WORK TASK:
The task calls for every entry to be printed word for word, without the images.

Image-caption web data
────
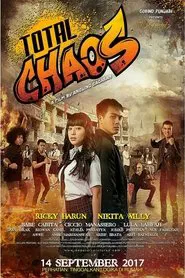 Total Chaos movie poster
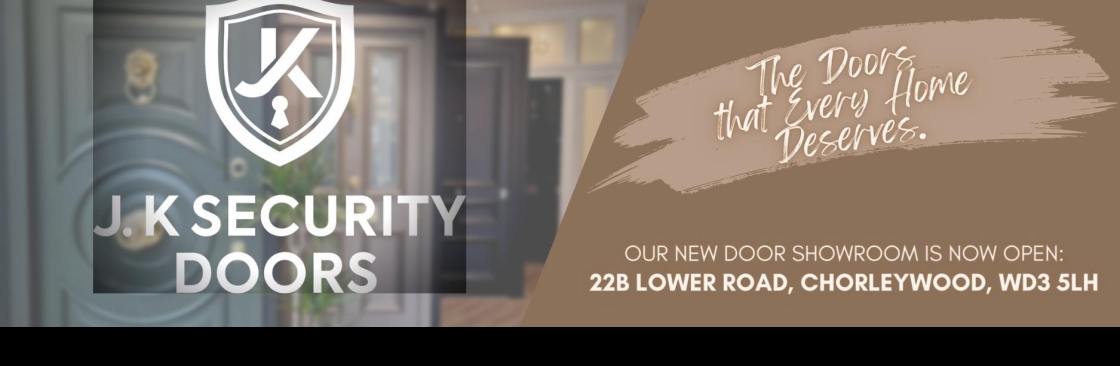 JK Security Doors Cover Image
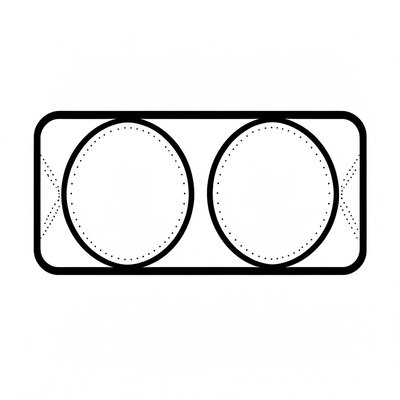 Plakat: pusta bateria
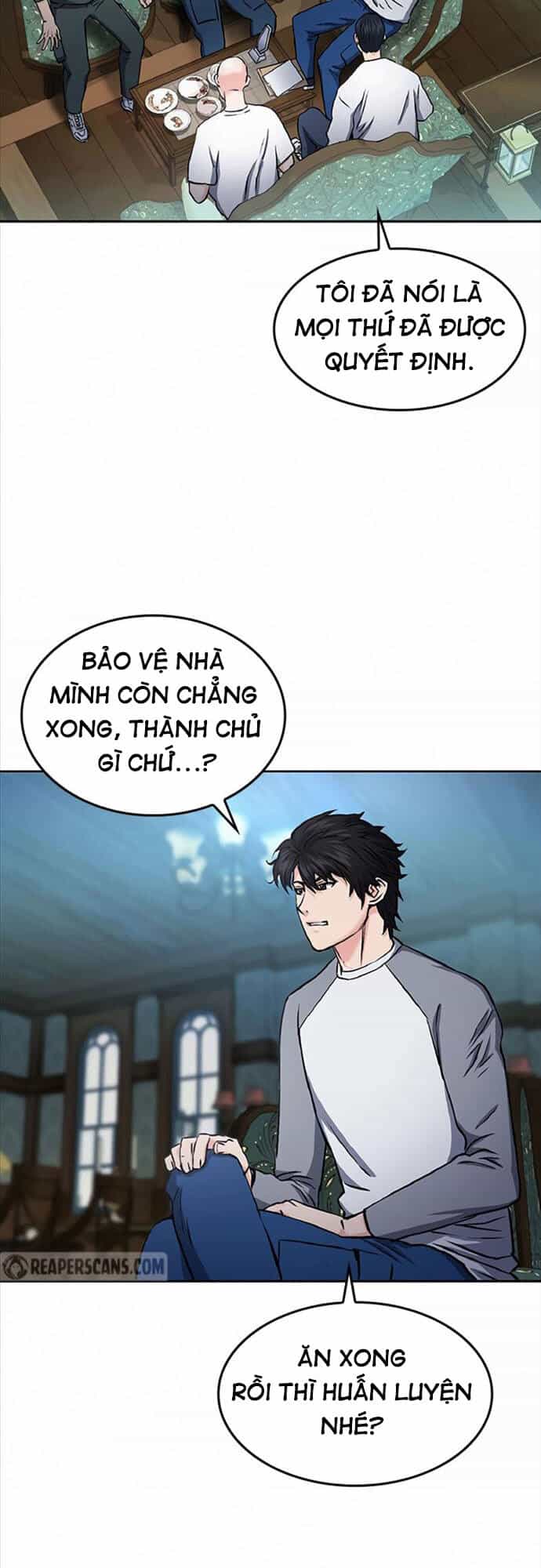 Druid Tại Ga Seoul - Chương 70 - ảnh 18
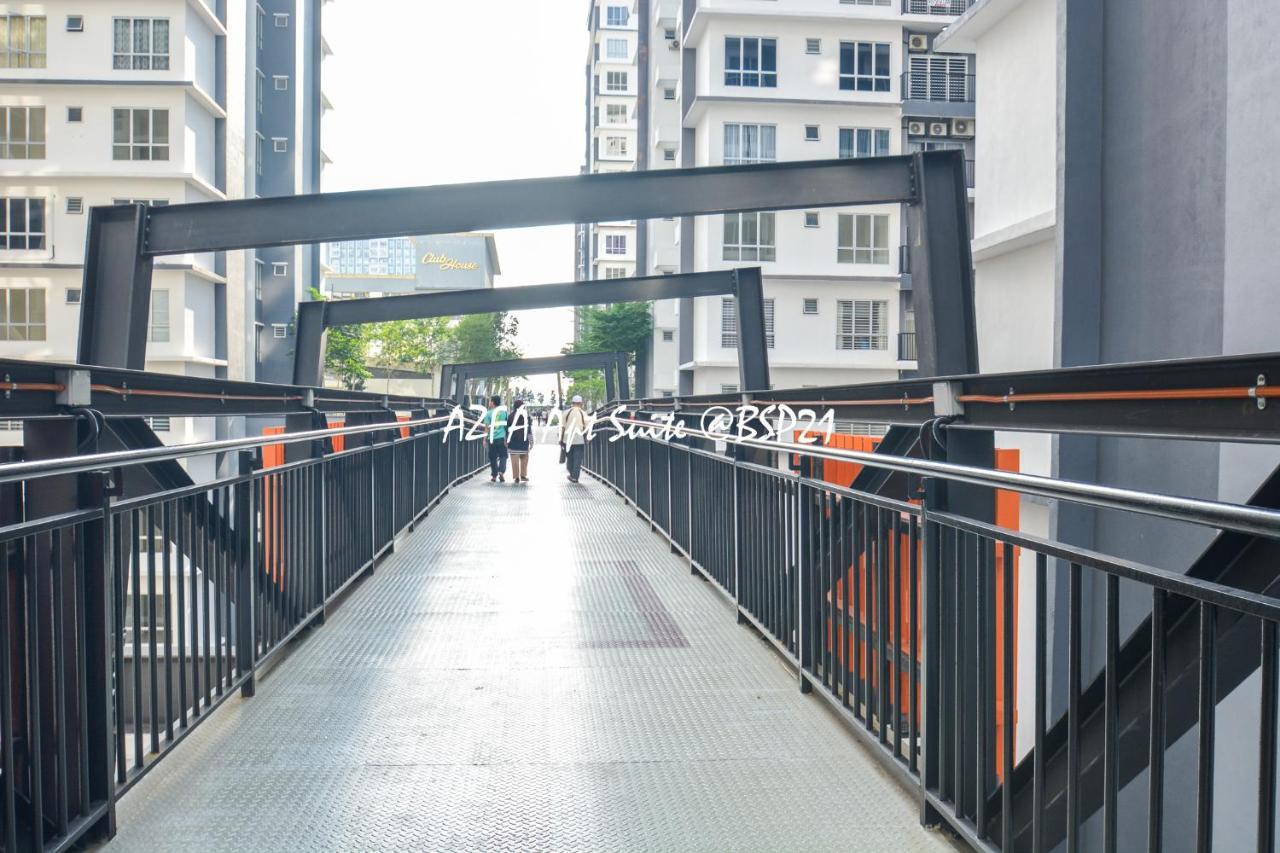 Pangsapuri Bandar Saujana Putra Bsp 21 Azfa Free Wifi Jenjarum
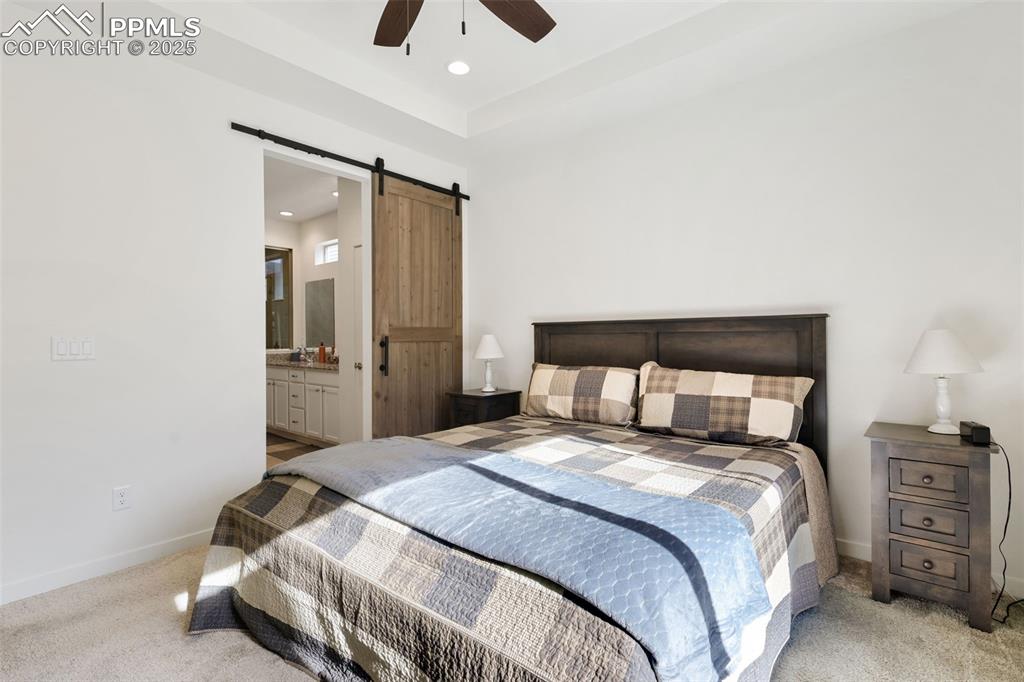 Image 19 of 36: Primary Bedroom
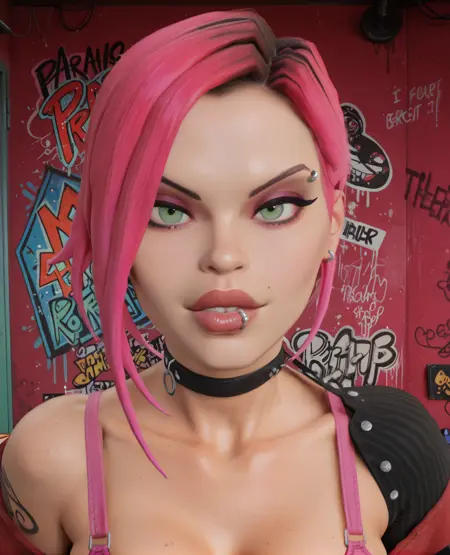 Judy Nails - Guitar Hero III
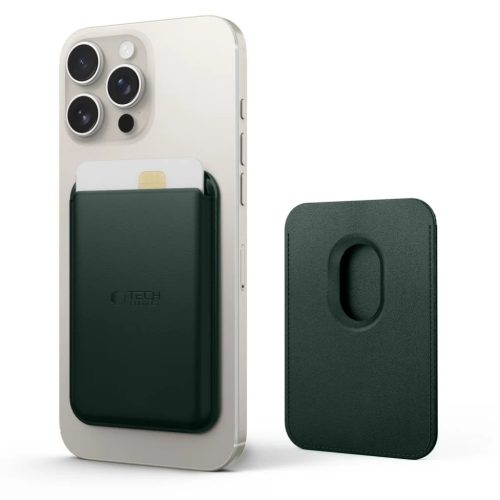 Tech-protect Magwallet Magsafe Univerzális Mágneses Kártyatartó Kh-5906302361854 2 kép
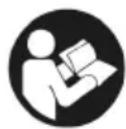 Mirka PROS 525NV - Reikalinga asmeninė apsaugos įranga - 1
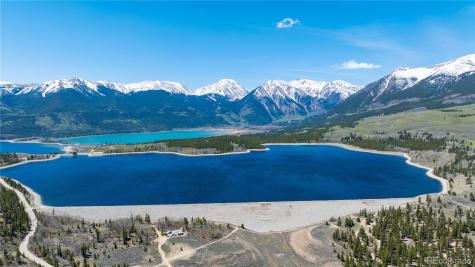 758 Spruce Drive Twin Lakes CO 80461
────
ANSWER TO THE EXERCISE:
 Total Chaos movie poster
 JK Security Doors Cover Image
 Plakat: pusta bateria
 Druid Tại Ga Seoul - Chương 70 - ảnh 18
 Pangsapuri Bandar Saujana Putra Bsp 21 Azfa Free Wifi Jenjarum
 Image 19 of 36: Primary Bedroom
 Judy Nails - Guitar Hero III
 Tech-protect Magwallet Magsafe Univerzális Mágneses Kártyatartó Kh-5906302361854 2 kép
 Mirka PROS 525NV - Reikalinga asmeninė apsaugos įranga - 1
 758 Spruce Drive Twin Lakes CO 80461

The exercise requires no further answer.